(ACTION ITEM) From the listing below, restate word for word the lines from the line containing "Main picture of 176 Commonwealth Ave" down through the line containing "niko and...（ニコ". Exclude pictures.

(DATASET EXTRACT)
---

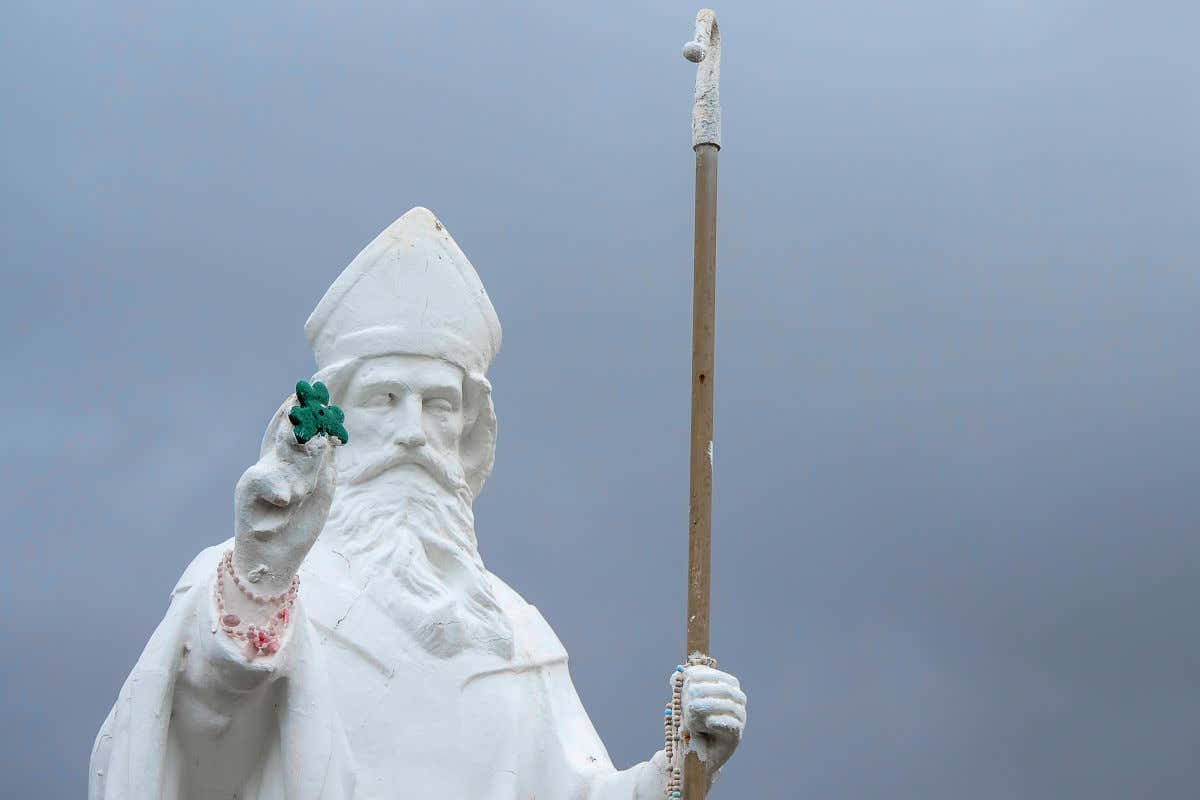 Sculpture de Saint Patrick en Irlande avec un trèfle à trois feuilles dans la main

---

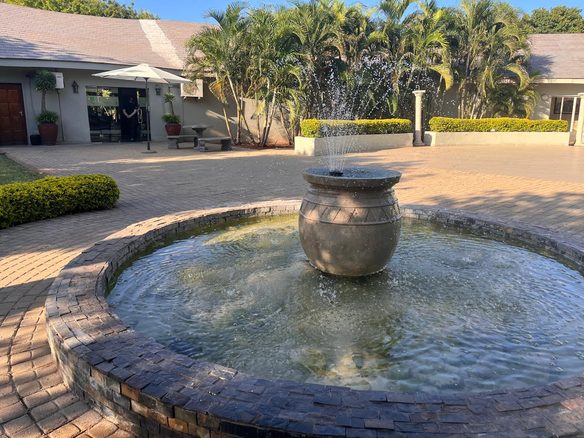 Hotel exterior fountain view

---

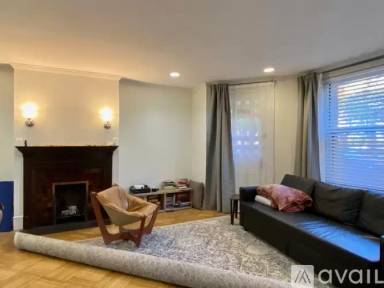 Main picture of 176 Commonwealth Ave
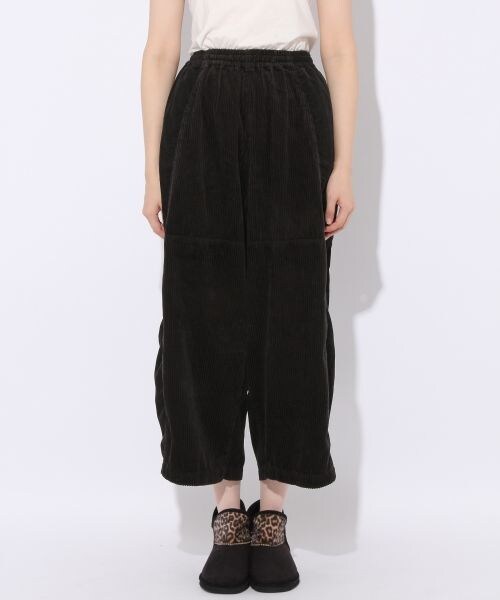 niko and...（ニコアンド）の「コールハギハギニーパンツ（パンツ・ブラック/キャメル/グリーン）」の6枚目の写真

---

(TASK ANSWER)
 Main picture of 176 Commonwealth Ave
 niko and...（ニコアンド）の「コールハギハギニーパンツ（パンツ・ブラック/キャメル/グリーン）」の6枚目の写真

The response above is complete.